# ABOUT THIS TASK
Return the listing verbatim, images left out.

# DATASET SECTION
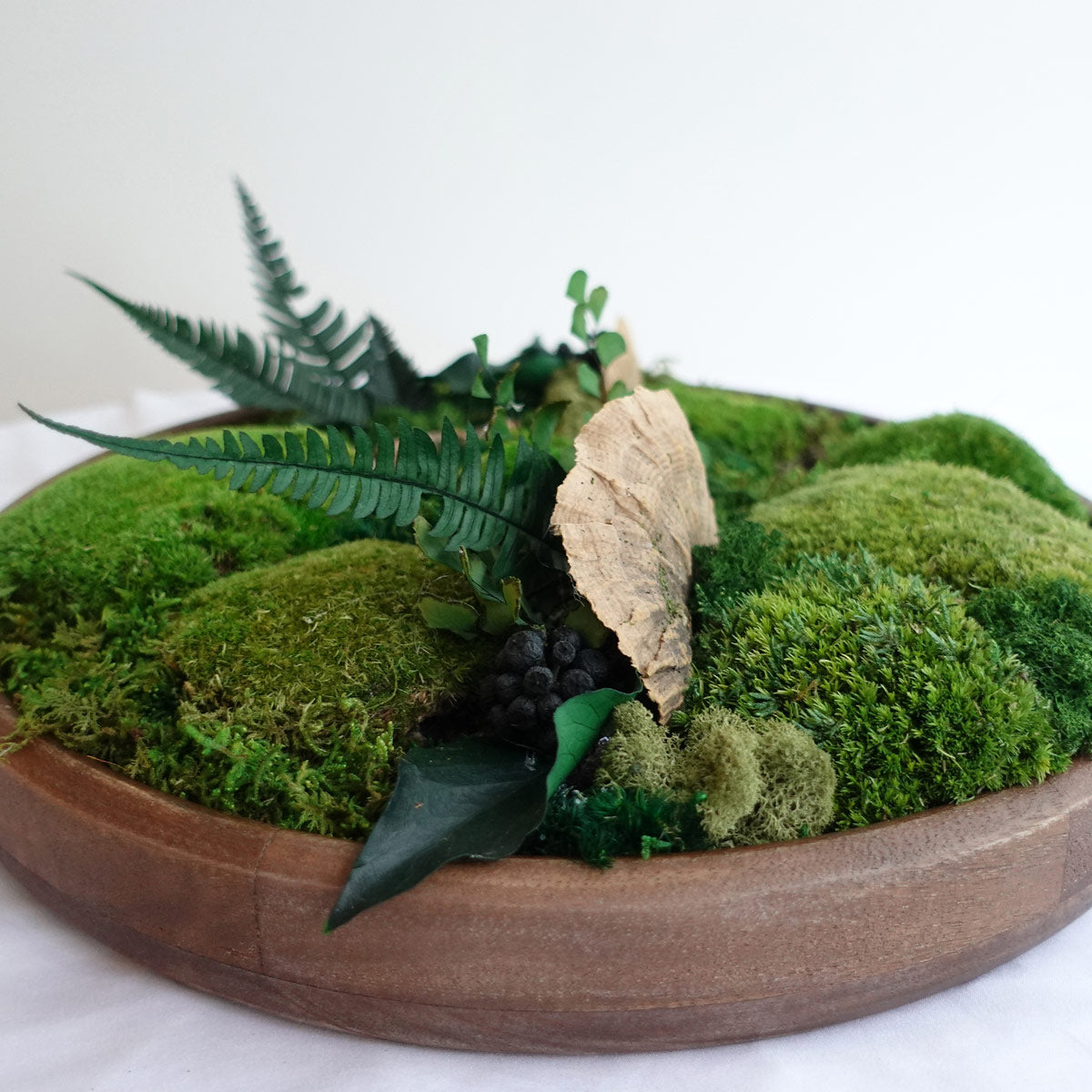 Side view of a preserved moss bowl with layered green moss, fern accents, and natural wood textures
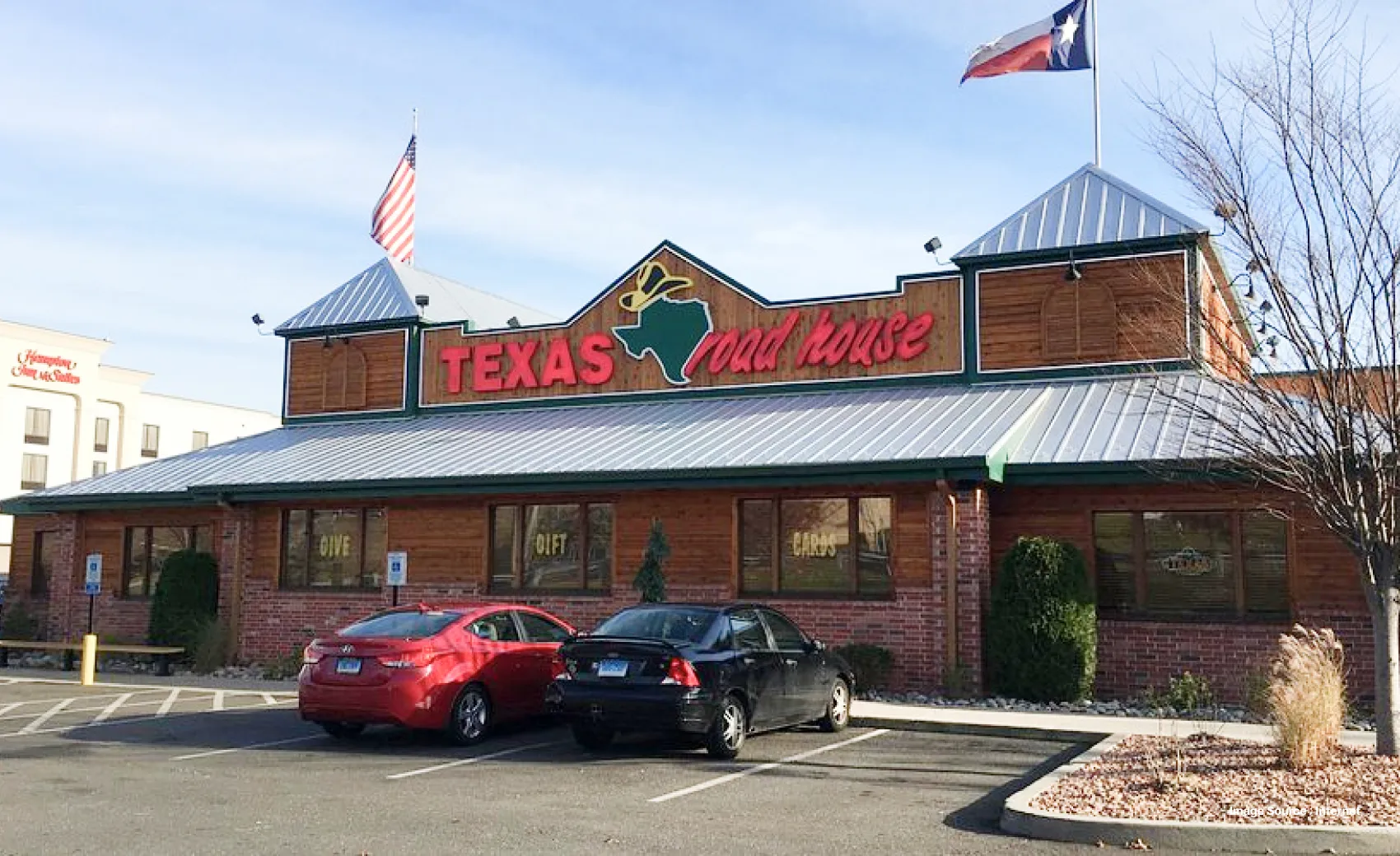 a branch of texas roadhouse restaurant with two cars parked in the front and flags hoisted on top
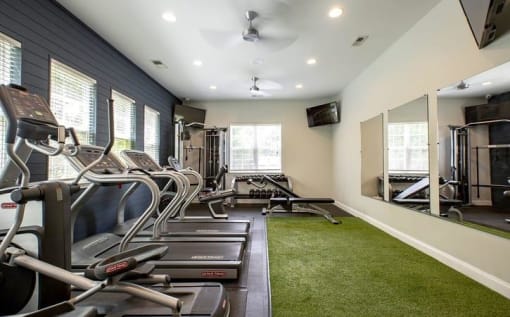 Fitness center with cardio equipment at Oasis at Cedar Branch in Wilmington, NC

# TASK RESULT
 Side view of a preserved moss bowl with layered green moss, fern accents, and natural wood textures
 a branch of texas roadhouse restaurant with two cars parked in the front and flags hoisted on top
 Fitness center with cardio equipment at Oasis at Cedar Branch in Wilmington, NC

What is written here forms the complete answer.